The work is a series of floating purple and pink spheres, dangling off of each other in a formation that recalls a molecular structure. When approaching the piece, a little dialogue immediately pops up on the screen: “CAUTION: Grapes of Math is CUDDLY!” And it is quickly apparent why… the dangling “grapes” drop from their positions in the air to surround the viewer wherever he/she walks.
It is at first glance a structure that mimics the very strict configuration of molecules bound by the laws of physics; it morphs, however, into a structure that doesn’t seem to follow any laws of the material world at all the moment the viewer becomes involved in the piece. When the viewer enters the space, he/she affects the way that the piece hangs moves.
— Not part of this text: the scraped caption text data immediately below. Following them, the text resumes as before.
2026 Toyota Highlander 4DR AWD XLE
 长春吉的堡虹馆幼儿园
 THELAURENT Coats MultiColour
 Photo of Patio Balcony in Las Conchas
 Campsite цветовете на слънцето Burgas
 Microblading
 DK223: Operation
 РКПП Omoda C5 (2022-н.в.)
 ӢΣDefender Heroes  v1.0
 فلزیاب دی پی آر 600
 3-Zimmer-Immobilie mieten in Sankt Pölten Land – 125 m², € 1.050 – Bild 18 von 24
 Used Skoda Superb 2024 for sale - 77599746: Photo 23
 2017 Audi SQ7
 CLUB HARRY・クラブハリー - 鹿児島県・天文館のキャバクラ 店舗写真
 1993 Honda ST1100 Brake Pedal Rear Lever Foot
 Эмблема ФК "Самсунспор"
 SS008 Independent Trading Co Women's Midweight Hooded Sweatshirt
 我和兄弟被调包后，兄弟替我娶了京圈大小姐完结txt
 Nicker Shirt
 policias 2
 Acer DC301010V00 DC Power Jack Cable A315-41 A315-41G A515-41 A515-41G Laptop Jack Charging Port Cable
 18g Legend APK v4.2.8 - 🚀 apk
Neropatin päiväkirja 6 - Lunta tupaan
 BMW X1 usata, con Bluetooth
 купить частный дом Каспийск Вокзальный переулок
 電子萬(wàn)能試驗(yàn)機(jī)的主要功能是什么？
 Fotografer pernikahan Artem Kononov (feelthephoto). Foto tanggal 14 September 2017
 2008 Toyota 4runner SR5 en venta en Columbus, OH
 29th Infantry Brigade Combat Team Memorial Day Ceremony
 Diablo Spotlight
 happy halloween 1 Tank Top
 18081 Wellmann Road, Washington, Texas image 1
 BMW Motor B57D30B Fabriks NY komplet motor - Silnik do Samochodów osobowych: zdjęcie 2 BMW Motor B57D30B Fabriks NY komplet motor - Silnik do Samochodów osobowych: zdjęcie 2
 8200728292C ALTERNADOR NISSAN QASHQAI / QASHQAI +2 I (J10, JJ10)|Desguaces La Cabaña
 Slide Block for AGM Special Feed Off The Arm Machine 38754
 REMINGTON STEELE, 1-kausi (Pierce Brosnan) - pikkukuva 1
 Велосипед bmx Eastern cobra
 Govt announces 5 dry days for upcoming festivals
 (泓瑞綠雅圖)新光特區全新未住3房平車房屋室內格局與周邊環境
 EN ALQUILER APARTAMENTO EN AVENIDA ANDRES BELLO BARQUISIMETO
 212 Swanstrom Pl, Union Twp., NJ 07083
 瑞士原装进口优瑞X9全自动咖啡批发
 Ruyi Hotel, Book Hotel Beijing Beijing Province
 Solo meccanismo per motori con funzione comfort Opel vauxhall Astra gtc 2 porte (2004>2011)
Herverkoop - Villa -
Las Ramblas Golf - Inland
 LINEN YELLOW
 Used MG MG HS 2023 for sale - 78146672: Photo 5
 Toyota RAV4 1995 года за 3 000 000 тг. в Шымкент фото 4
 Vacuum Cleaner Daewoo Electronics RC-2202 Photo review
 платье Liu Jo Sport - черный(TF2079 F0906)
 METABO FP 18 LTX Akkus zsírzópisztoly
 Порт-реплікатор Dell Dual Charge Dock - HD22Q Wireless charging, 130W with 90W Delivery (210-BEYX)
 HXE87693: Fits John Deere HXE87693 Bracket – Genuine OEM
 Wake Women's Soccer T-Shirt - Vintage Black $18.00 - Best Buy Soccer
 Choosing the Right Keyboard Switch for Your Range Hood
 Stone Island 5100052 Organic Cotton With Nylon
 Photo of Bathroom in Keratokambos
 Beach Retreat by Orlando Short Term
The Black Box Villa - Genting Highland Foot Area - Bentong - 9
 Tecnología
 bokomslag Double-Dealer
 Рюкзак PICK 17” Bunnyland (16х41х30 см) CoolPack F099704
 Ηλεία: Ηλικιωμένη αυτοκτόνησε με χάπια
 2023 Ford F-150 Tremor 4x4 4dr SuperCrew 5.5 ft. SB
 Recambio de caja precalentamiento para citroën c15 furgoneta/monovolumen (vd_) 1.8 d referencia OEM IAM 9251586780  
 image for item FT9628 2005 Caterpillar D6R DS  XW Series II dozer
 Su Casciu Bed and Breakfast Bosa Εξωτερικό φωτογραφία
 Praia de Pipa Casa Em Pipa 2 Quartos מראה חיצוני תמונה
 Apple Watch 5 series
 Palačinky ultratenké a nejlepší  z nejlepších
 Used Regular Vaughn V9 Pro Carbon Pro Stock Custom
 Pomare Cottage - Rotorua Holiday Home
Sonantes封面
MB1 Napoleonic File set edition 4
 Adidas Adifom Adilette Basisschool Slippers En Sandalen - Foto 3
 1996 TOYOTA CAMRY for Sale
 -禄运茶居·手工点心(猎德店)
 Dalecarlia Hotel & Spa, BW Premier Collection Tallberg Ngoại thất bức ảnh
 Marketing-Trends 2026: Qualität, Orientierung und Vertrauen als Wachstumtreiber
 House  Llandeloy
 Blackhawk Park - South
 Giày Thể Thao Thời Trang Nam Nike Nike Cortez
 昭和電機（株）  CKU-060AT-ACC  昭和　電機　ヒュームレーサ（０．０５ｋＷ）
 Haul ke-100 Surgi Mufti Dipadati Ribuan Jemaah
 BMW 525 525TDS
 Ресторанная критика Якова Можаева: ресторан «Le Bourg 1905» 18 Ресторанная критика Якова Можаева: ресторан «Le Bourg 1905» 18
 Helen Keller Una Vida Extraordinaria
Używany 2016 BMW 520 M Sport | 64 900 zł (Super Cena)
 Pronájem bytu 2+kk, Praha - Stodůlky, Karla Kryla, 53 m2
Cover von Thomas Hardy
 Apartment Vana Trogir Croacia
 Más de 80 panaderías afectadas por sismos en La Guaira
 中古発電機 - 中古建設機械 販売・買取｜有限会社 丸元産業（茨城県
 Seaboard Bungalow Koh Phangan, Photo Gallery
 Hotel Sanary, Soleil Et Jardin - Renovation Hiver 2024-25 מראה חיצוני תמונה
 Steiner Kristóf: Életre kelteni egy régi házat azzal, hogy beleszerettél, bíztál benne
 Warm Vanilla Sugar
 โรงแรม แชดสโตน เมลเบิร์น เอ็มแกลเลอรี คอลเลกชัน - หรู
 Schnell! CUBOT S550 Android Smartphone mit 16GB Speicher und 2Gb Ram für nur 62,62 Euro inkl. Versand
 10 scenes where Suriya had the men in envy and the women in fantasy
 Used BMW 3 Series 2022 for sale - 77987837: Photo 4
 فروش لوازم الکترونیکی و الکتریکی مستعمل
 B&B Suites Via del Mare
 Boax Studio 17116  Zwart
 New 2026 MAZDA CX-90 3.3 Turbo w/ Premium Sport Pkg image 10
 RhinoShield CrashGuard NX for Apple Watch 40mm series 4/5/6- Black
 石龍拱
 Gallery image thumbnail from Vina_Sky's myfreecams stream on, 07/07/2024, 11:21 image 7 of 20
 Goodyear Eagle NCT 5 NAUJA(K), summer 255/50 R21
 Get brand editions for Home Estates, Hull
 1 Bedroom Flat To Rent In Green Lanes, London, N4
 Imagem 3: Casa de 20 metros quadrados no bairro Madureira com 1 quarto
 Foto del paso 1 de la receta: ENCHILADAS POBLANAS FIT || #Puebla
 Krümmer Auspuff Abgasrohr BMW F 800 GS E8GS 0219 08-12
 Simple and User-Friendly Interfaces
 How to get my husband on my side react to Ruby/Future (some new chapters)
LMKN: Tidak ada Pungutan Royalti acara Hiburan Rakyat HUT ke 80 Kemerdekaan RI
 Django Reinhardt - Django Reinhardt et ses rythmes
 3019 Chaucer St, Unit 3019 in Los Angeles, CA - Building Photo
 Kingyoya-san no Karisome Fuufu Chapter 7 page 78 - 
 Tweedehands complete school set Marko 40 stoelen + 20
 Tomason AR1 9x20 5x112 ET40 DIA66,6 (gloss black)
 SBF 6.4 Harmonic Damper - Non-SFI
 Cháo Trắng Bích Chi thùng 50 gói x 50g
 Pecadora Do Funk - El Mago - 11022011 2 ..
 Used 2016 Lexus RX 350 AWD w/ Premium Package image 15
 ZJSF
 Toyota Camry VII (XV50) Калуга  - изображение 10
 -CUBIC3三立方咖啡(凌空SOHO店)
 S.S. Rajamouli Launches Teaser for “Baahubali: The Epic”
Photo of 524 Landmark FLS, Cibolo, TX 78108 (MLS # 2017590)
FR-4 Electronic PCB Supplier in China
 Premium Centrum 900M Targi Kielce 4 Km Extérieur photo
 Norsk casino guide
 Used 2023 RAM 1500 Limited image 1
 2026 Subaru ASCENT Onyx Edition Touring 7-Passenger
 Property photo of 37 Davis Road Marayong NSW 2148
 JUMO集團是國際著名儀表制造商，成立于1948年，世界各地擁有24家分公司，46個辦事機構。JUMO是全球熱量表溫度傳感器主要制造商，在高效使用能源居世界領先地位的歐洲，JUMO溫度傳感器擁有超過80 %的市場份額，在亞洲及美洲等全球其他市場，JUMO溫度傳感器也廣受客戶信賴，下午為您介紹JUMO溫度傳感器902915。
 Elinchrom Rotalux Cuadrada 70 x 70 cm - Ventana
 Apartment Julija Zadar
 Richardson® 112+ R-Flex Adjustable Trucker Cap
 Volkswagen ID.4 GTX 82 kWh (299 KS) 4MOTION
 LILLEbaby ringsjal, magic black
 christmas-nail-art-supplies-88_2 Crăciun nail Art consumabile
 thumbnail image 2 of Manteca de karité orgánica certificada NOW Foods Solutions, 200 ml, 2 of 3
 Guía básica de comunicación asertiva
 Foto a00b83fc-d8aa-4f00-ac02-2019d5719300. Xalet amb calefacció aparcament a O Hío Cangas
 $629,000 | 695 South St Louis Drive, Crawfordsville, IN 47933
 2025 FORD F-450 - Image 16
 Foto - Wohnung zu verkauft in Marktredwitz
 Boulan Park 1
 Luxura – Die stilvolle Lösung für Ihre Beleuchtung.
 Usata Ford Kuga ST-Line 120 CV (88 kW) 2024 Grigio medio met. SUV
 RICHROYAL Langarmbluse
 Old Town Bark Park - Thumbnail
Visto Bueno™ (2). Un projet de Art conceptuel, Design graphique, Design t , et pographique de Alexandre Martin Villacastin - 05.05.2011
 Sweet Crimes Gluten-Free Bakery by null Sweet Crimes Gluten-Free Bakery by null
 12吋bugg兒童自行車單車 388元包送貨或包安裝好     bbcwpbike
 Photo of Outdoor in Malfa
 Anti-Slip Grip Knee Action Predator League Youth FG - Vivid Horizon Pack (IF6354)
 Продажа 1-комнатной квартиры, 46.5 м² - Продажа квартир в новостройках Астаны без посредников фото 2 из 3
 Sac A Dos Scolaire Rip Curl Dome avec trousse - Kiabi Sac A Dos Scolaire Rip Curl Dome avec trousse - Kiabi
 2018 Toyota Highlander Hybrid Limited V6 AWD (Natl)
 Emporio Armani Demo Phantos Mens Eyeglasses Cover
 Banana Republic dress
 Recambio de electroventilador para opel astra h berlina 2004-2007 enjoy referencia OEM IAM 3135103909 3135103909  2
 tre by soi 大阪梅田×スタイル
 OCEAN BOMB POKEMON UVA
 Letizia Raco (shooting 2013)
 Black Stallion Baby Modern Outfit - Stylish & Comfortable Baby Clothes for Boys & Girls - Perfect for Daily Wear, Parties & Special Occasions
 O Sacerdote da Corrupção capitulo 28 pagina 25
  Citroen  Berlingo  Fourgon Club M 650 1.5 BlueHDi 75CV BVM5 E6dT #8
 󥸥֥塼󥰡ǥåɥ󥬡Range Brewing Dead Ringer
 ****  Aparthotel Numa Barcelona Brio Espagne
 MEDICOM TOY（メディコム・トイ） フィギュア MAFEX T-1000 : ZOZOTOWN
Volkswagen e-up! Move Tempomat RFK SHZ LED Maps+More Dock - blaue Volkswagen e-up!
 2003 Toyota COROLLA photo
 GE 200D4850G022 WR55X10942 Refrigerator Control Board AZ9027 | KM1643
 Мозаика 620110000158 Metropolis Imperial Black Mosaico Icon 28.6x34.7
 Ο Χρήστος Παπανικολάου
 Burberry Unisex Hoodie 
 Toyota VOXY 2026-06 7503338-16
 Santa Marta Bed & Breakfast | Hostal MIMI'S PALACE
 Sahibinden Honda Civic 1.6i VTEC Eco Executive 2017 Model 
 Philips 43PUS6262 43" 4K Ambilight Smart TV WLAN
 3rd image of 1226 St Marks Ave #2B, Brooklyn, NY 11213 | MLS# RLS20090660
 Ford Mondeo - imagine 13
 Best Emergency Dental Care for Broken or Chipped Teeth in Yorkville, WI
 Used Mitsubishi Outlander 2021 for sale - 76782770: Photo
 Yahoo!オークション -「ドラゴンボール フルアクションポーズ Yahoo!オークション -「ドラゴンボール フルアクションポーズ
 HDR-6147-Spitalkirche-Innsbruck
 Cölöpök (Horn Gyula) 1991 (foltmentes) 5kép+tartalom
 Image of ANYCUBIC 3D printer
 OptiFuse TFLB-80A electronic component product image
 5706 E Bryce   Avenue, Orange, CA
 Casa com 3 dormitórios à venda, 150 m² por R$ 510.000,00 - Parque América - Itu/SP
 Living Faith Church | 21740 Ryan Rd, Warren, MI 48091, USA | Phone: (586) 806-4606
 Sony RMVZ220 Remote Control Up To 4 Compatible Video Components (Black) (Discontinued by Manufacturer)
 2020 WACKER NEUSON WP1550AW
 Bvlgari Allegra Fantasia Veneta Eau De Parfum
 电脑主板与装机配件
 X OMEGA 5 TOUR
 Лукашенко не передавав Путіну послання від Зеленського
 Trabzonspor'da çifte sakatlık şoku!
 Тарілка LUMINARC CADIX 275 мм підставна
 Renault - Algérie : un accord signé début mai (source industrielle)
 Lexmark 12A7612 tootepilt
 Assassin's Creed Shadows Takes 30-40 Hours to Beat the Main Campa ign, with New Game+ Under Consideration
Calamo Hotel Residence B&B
What was once still comes to have motion, and what was once symmetrical and physical now bends at the presence of an audience.
This reading would fit well with DanCoyote’s philosophy, as understood through his symbol of “The Sixth Finger” (an image of a hand print with six fingers), which he describes as a symbol of “the computer cursor, or mankind’s intervention into the metaverse.”
The title of the work immediately brings to mind The Grapes of Wrath, a classic in the high school lit canon, which is a story of life and desperation during the Dust Bowl era. Tom Joad arrives back home after being released from prison only to find that his home town has been deserted. He sees a few handbills advertising hope in another land, California, and begins the sunset-chasing trek west in search of hope. Seeing on those roads all the others who have been seduced by the same handbills, he eventually realizes that the promise is not all that it was cut out to be.
(Interestingly, there is also story called the Grapes of Math, which is a spin-off parody that is part of the VeggieTales series. In a parable on forgiveness, a family of moody grapes comes to see the fruitlessness of their curmudgeonly ways, ending with the changing of their name to the “Grapes of Math.”)
DanCoyote’s work, however, seems to have little to do with either of these historical antecedents. In giving it a title that easily calls to mind the stories of the American Canon, and then not talking to that canon at all, I think that DanCoyote is reinforcing exactly my point of the last post: that SL is a land of no antecedents—or, what ultimately amounts to the same thing, a land where antecedents become relative and thus irrelevant.
The only theme maintained is, perhaps, an acceptance of the rejection of nostalgia. The globs are purple like grapes, but there the connection ends. The “math” is perhaps speaking to the molecular structure of the standing work, but this changes the minute that an avatar approaches. In the material world, we need to see in order to believe. But in SL, nothing is as it seems, and the promise of what is seen can always be broken.